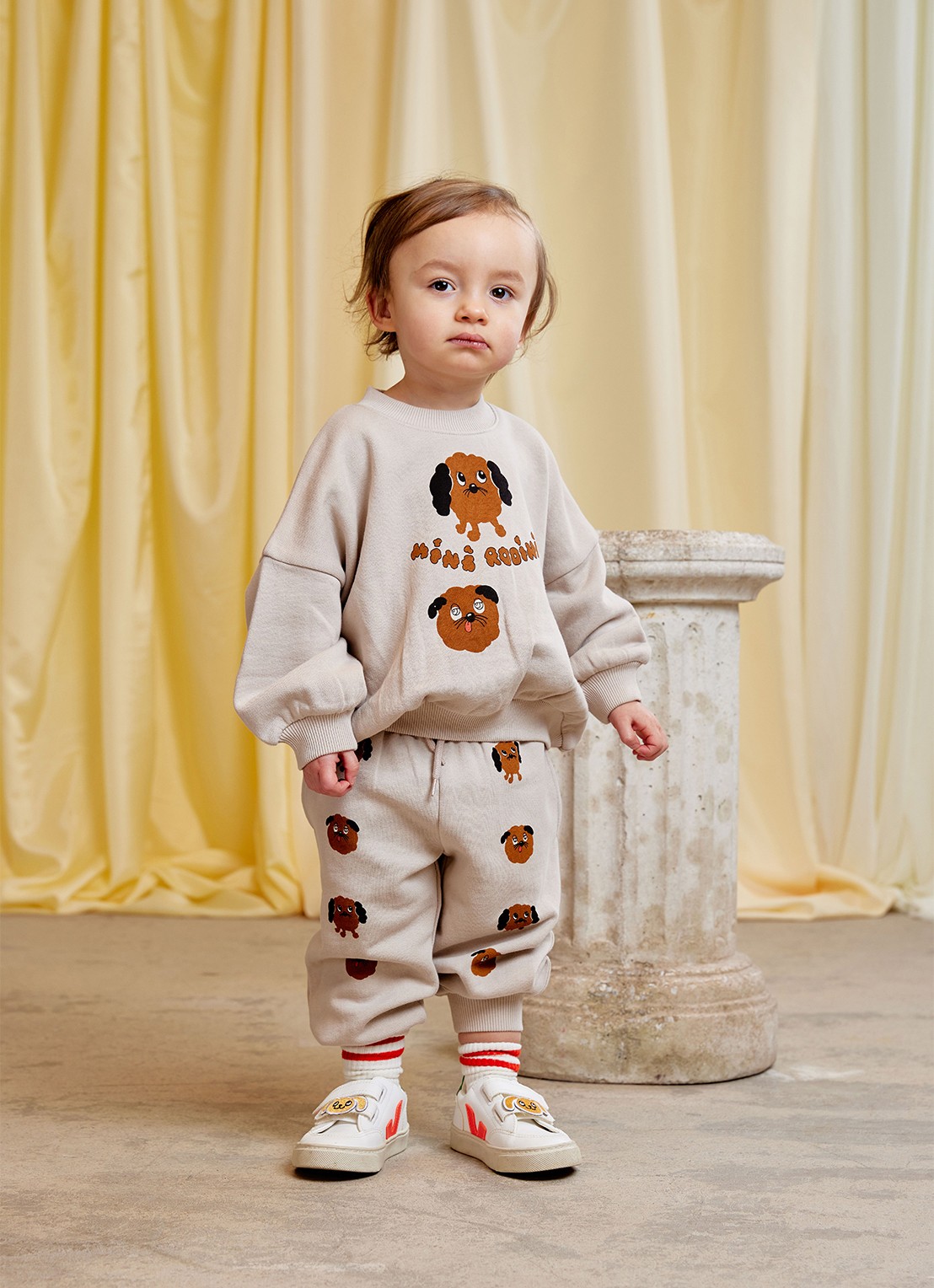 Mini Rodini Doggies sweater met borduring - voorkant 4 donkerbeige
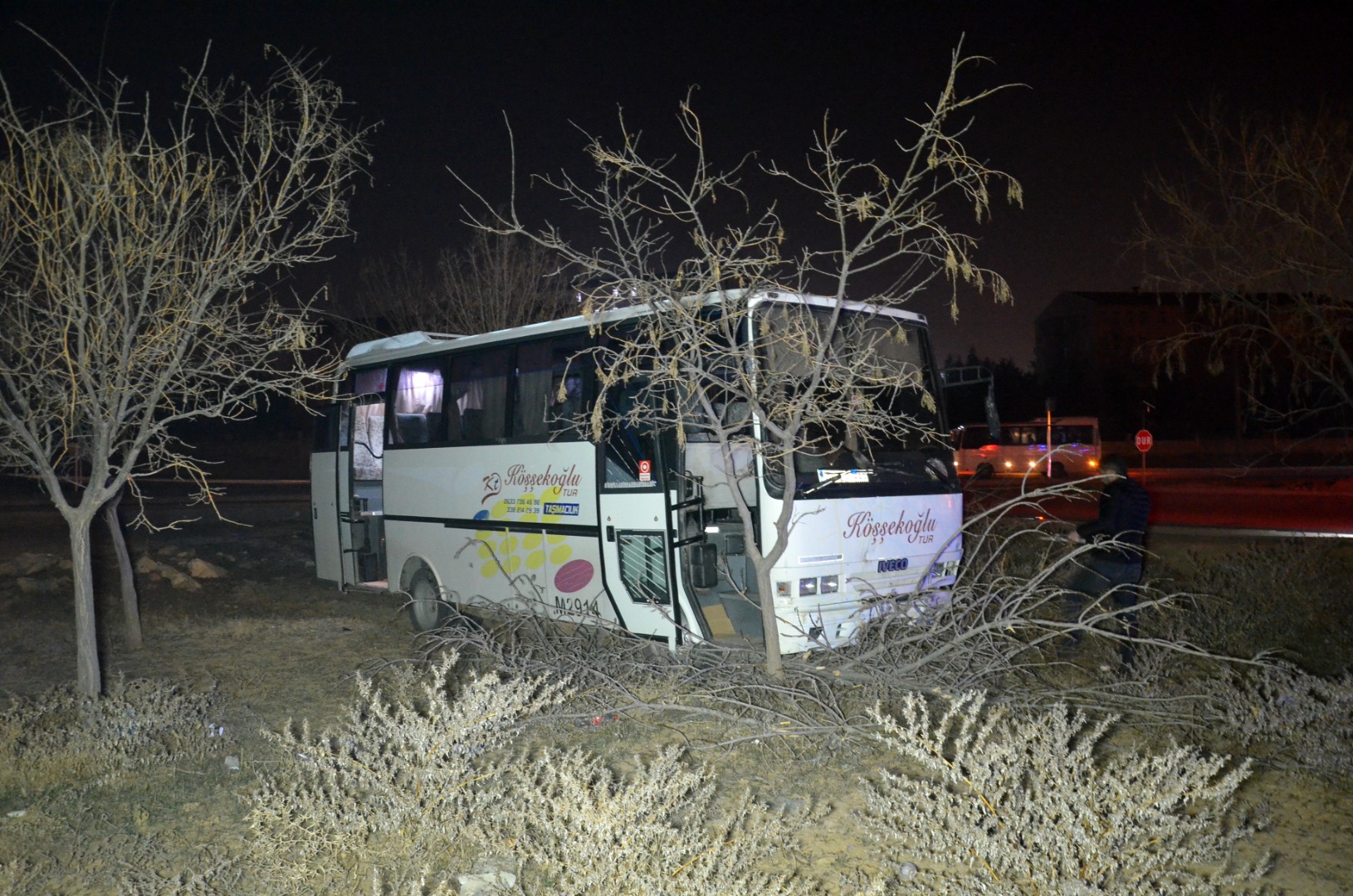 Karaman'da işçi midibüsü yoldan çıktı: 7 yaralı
...
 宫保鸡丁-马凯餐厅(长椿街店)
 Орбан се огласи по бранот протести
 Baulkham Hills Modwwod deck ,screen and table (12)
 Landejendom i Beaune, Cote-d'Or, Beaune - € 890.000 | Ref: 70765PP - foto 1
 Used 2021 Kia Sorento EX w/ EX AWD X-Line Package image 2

=== Exercise instructions ===
From the records above, copy only the lines running from the line holding "Mini Rodini Doggies" through the line holding "Karaman'da işçi midibüsü", with no pictures.

=== Reply to the exercise ===
 Mini Rodini Doggies sweater met borduring - voorkant 4 donkerbeige
 Karaman'da işçi midibüsü yoldan çıktı: 7 yaralı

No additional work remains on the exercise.